This thread has been locked.

If you have a related question, please click the "Ask a related question" button in the top right corner. The newly created question will be automatically linked to this question.

the ZED could not rejoin the ZC after the ZC doing “frequently restart”

Other Parts Discussed in Thread: Z-STACK

Hi all :

there are 5 ZEDs(three of them are enabled power saving,others were not ),and they are all enabled the NV_RESTORE

when they were join the ZC, i doing the “restart” on the ZC。

it means execute belowing code ,(maybe  you can only disable the ZC NV_RESTORE, and do the power restart)

this issue could be happen。

    uint8 pBuf = ZCD_STARTOPT_CLEAR_STATE | ZCD_STARTOPT_CLEAR_CONFIG;
    (void)znp_nv_write(ZCD_NV_STARTUP_OPTION, 0, 1, &pBuf);
    zapPhyReset(zapAppPort);
    return;

when i test 6 times , i found that one of the POWER_SAVING ZED could not rejoin the network (others are OK)

The ZED short address is 0xE059 at the fifth time “restart”

when the ZC finish the sixth time “restart” ,  the 0xE059 could not rejoin the ZC anymore ,

i saw that there is a lot of   “Leave” CMD (which option include  rejoin bit 0x01 and request bit 0x01 ) from ZC to 0xE059。

here  is the log :1234.rar

(Ps:  We could search the 12324 ,it  is the begin of the issue  happen )

and i  wait a long time,  This  ZED could not rejoin the network .

so  i  power off the ZED and then power on,  but  it also  could not be  rejoin ,

then  i  turn on the permit join of the ZC,  i saw that  the ZED could rejoin success by  using a new short address 0xBB05

so  what is the cause of this issue?

why does othere  ZED could rejoin success ???

BR!

 

  • What version of Z-Stack are you using and did you change any compilation flags on the coordinator or the end devices?

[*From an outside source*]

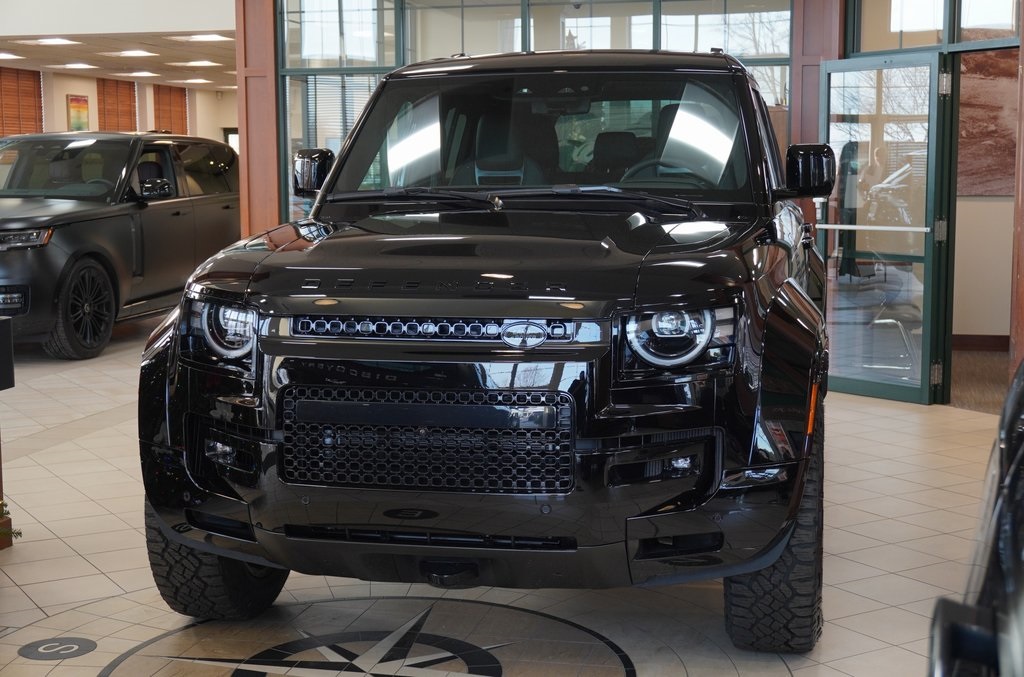 2026 Land Rover Defender OCTA Black's photo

I tried reproducing your issue on 4 (1 ZC, 3 ZED) devices with Z-Stack Home 1.2.2a + all default flags except with NV_RESTORE and NV_INIT on all devices, 2 end devices with POWER_SAVINGS and 1 without, but I did not experience the same problems as you. Every time I reset ZC + cleared NV, all ZEDs successfully rejoined the ZC on a new PAN with the same short addresses.

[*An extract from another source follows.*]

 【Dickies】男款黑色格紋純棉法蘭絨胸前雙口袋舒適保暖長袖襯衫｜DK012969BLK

    If you can be more specific about your setup I can try to reproduce the issue again.
  • zstack Home 1.2.2a  

    ZC (using ZNP project) compile flag:

    ZC_Complie_flag.rar

    ZED POWER SAVING flag:

    ZED_POWSAVING_Complie_flag.rar

    ZED without PowerSaving flag:

    ZED_WithoutPSAVING_Complieflag.rar

    does Z-stack Home1.2.2a have been correct below bug ?

     :  https://e2e.ti.com/support/wireless_connectivity/zigbee_6lowpan_802-15-4_mac/f/158/t/275570

  • hi JasonB,
    do you know why does ZC sending the Leave CMD
  • Do you have child aging configured? It is disabled by default, but check your values of zgChildAgingEnable and associated variables in ZGlobals.c
  • yes

    it is enable both in the ZC and ZED。

    does it matter?

    why does ZC would send the Leave CMD  to  the ZED while it sends the rejoin request?

     

  • If a ZED gets aged out for whatever reason and it tries to poll for data, ZC will send it a leave command because the ZED is no longer in the ZC association table. Do you need to have child aging enabled in your application?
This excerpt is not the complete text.